Inflation: PCE Price Gauge Rises 2.7%, Wall Street Reacts Surprisingly – Get the Latest Updates Here

In New York City, the all-items PCE price gauge rose by 2.7%, slightly higher than the estimated 2.6%. This increase includes food and energy costs. On a monthly basis, both measures saw a 0.3% increase, in line with expectations and equal to the rise seen in February.

Despite the rise in prices, consumers demonstrated resilience in their spending habits. Personal spending increased by 0.8% during the month, exceeding the estimated 0.7%. Personal income also saw a boost, rising by 0.5%, meeting expectations and surpassing the previous month’s 0.3% increase.

The data did not have a significant impact on the markets, as Wall Street remained poised for a higher opening. Treasury yields fell, with the benchmark 10-year note at 4.67%, down about 0.4 percentage points for the session. Futures traders showed increased optimism about possible rate cuts, raising the probability to 44%, according to the CME Group’s FedWatch gauge.

Chief Investment Officer George Mateyo cautioned against being overly confident in the idea that inflation has been completely resolved, stating that rate cuts are not guaranteed. He mentioned that the Fed may need to see weakness in the labor market before considering cutting interest rates.

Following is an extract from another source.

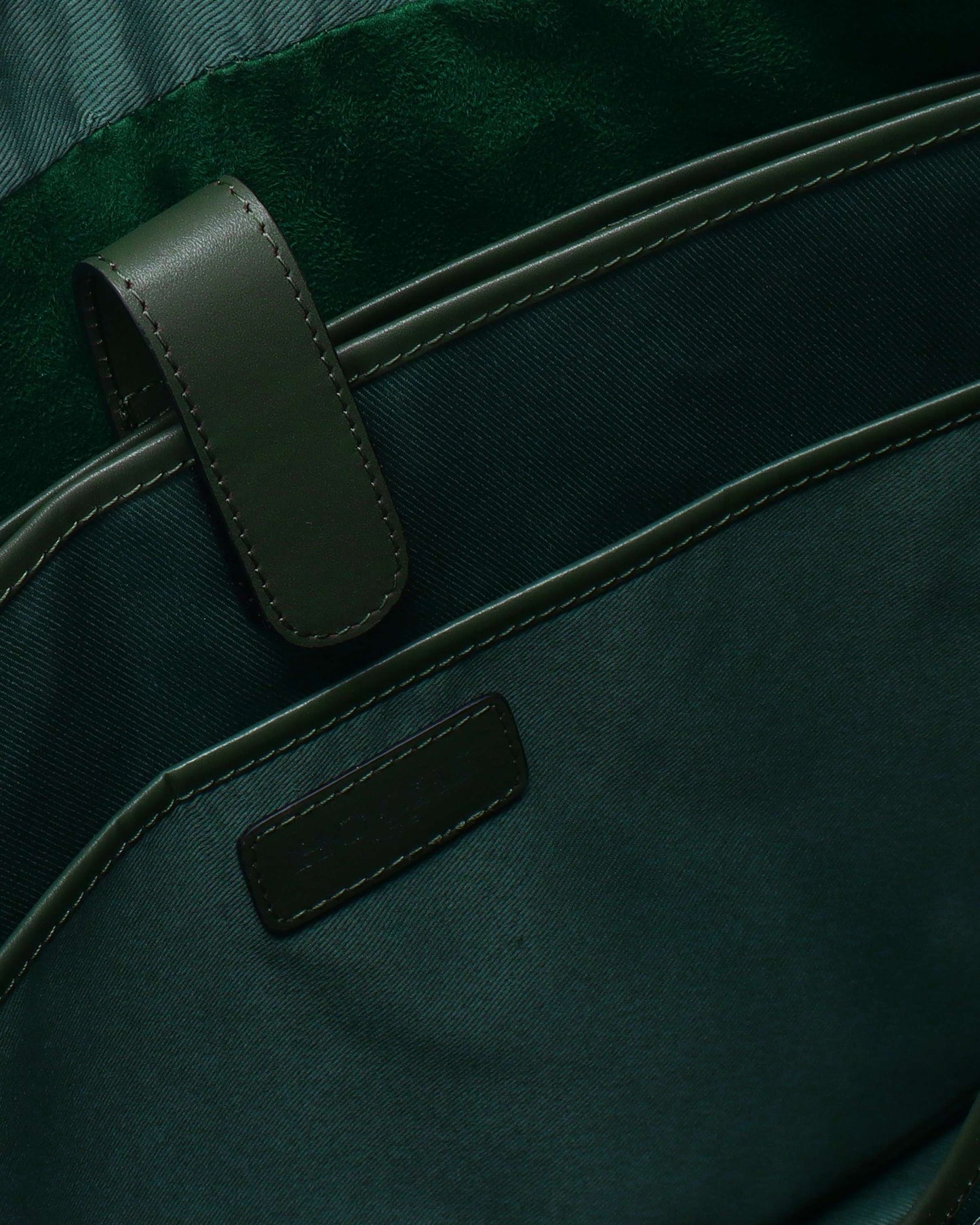 Le Magicien Laptop Bag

The personal saving rate dropped to 3.2%, a decrease of 0.4 percentage points from February. This decrease indicates that households are dipping into their savings to sustain their spending amid rising prices.

Following concerning inflation news from Thursday, the report likely solidifies the Fed’s decision to maintain interest rates, at least through the summer, unless significant changes occur in the data. Central bank policymakers are closely monitoring inflation trends as they contemplate future monetary policy decisions.

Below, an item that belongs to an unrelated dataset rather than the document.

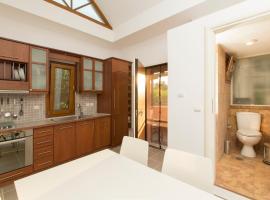 Functional house by the sea at Ierissos, hotel en Ierissos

The Fed has been aiming for 2% inflation, a target that the core PCE has exceeded for the past three years. By focusing on the PCE, the Fed can better assess long-term trends, as this metric adjusts for changes in consumer behavior and places less emphasis on housing costs compared to the consumer price index from the Labor Department. Services prices increased by 0.4% during the month, while goods saw a 0.1% increase. Food prices experienced a slight decline of 0.1%, while energy prices rose by 1.2%.

Looking at a 12-month timeframe, services prices have increased by 4%, while goods have only seen a marginal 0.1% increase. Food prices have risen by 1.5%, and energy prices by 2.6%. These trends reflect a shift in consumer pricing dynamics, with goods inflation dominating early in the Covid pandemic. While the Fed considers both headline and core measures, they place more weight on the ex-food and energy figure for a better understanding of long-term trends.